The second approach uses the API w/tigris for maps and gets census for census data. The approach is far more advanced and less time-consuming than the old-school method.
The most recent approach, which is the easiest and super fast, is the use of API w/tidycensus for maps and census data. This approach allows access to both census data and shapefiles together.
The Old School Approach mapping approach involves the following steps:
Using the Tigris package to download census shapefiles you simply call the following functions depending what you want:
We also need to use the census API package from Hannah Resht of Bloomberg, which helps download the census demographic data.
Data scientists using R face a couple of problems mapping census data in R. Most time, it is not easy to find data published by Census Bureau. Even when you get the census data needed, it is also challenging to understand what package(s)to use in R. The session will help you understand the steps and packages you need for mapping census data in R.
To enhance learner’s skills in finding and mapping census data through the use of appropriate packages and functions.

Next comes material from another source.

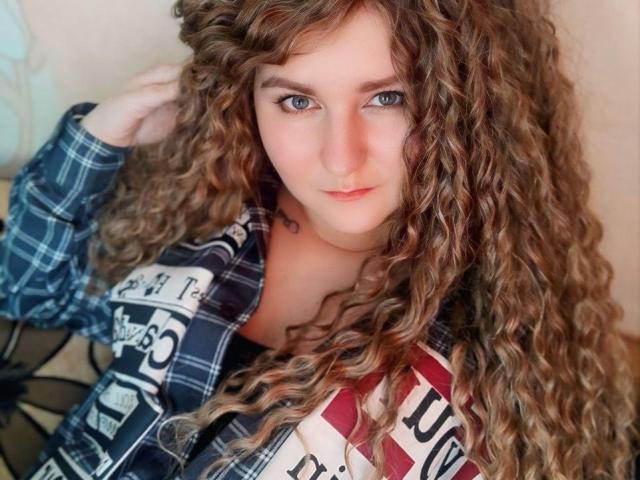 MinistraX with long curly brown hair, blue eyes, and a plaid shirt, looking at the camera with a slight smile, showing a tattoo on their chest, and a cute face.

For this session, we will concentrate on using the two most recent approaches (API w/tigris and API w/tidycenus) for downloading census data and shapefiles and how we can further analyze by joining both the census data and shape files to produce a well-informed report.
Install packages
Install or call all relevant package. See below some of the relevant package needed.
Sign up for a Census Key
The second step is to apply for your census key here. Install your Census API in your .Renviron File for repeated use through Source: R/helpers.R. This function will add your census API key to R.environ file that will help you call the key without key being store in your code.
Install your key using census_api_key(put your key, install = FALSE) and census_api_key(“put your key here”, overwrite = TRUE, install = TRUE) if you need to overwrite an existing key.
After you have installed your key, it can be called any time by typing Sys.getenv(“CENSUS_API_KEY”).Read more about the census key here
This approach is far more advanced and less time-consuming than the old-school method.
The use of getCensus() function from the package will make an API call and returns a data frame of result. To pass the getCensus() function, you need the following arguments: Name - the Name of the Census data set, Vinatge - the year of the data set, Vars - the Name of the variables you want to access, Region - the geography level of data, like county or tracts.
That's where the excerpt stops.